Data below —
—————

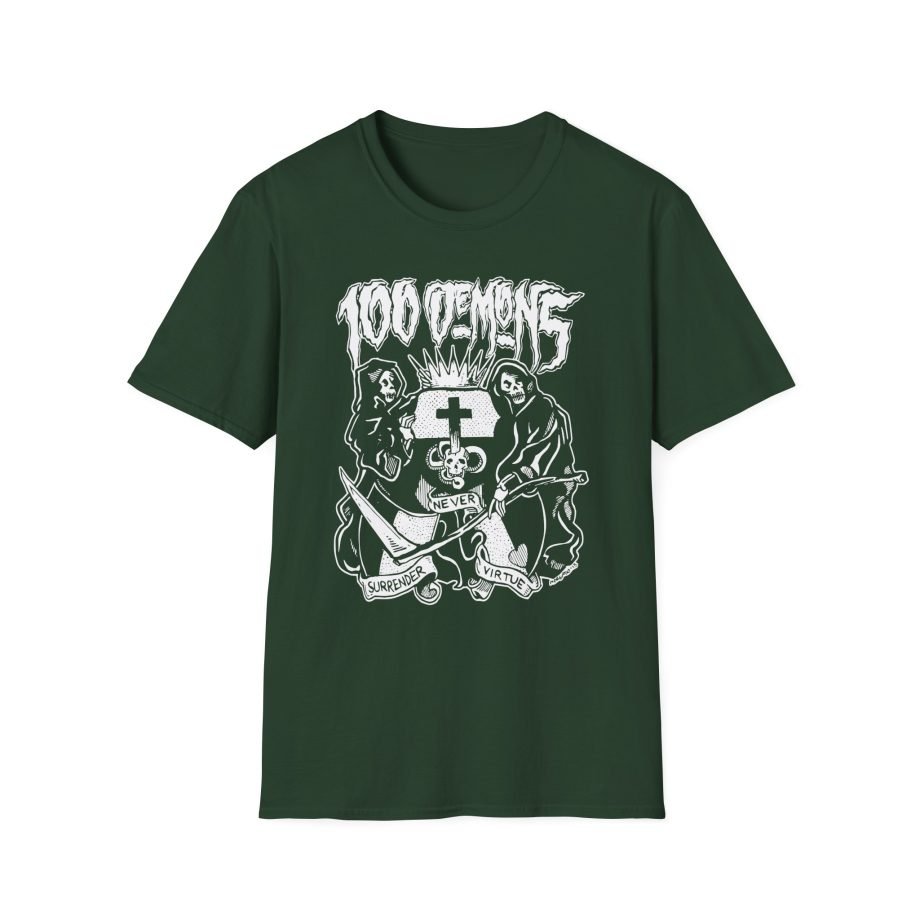 100 Demons Unisex Softstyle T-Shirt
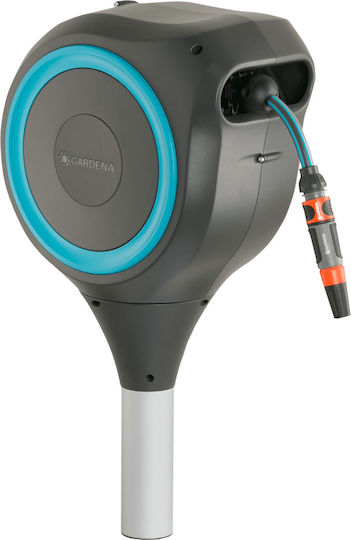 Gardena Rollup S Αυτόματη Ανέμη Ποτίσματος Τοίχου με Λάστιχο 15m S 18604-20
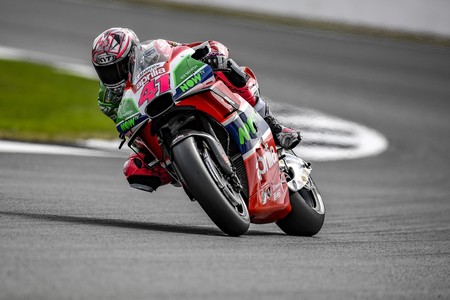 Aleix Espargaro Gp Gran Bretana Motogp 2018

—————

Directions for this task — Write out the data above precisely. Pictures stay out.

Answer box —
 100 Demons Unisex Softstyle T-Shirt
 Gardena Rollup S Αυτόματη Ανέμη Ποτίσματος Τοίχου με Λάστιχο 15m S 18604-20
 Aleix Espargaro Gp Gran Bretana Motogp 2018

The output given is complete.